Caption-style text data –

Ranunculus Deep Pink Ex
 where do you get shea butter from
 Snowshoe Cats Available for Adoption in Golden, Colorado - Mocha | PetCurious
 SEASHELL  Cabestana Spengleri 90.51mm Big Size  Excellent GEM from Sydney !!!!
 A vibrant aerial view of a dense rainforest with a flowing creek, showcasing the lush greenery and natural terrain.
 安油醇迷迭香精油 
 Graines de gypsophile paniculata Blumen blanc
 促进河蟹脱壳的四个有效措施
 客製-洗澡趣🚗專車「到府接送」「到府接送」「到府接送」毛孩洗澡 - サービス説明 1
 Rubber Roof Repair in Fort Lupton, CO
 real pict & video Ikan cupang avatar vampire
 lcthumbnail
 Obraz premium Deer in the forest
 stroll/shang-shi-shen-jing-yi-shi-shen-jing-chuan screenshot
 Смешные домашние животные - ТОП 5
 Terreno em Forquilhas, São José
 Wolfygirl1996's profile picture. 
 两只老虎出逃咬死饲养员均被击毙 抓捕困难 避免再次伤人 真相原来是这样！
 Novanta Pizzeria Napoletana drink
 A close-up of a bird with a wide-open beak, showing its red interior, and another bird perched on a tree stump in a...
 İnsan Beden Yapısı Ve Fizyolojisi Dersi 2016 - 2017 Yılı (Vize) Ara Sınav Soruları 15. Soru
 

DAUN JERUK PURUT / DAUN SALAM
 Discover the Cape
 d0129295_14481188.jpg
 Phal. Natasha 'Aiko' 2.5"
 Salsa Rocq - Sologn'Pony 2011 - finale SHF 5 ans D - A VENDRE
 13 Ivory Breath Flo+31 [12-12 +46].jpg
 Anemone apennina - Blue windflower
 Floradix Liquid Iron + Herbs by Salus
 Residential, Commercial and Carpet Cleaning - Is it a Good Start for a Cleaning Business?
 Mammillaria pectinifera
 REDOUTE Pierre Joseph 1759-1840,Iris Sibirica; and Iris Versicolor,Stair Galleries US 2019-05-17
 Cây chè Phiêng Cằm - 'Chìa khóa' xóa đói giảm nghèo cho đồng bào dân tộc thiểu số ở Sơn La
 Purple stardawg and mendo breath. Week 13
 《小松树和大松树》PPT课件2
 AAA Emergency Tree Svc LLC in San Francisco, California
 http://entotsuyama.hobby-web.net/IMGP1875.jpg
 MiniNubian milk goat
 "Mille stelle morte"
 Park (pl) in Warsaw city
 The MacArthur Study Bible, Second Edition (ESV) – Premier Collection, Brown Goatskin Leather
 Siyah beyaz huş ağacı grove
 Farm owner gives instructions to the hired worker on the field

REQUIRED ACTION –
Exactly the lines from the one containing "The MacArthur Study" to the last line of the entries above must be duplicated, with both of those lines included and nothing more.

EXPECTED ANSWER –
 The MacArthur Study Bible, Second Edition (ESV) – Premier Collection, Brown Goatskin Leather
 Siyah beyaz huş ağacı grove
 Farm owner gives instructions to the hired worker on the field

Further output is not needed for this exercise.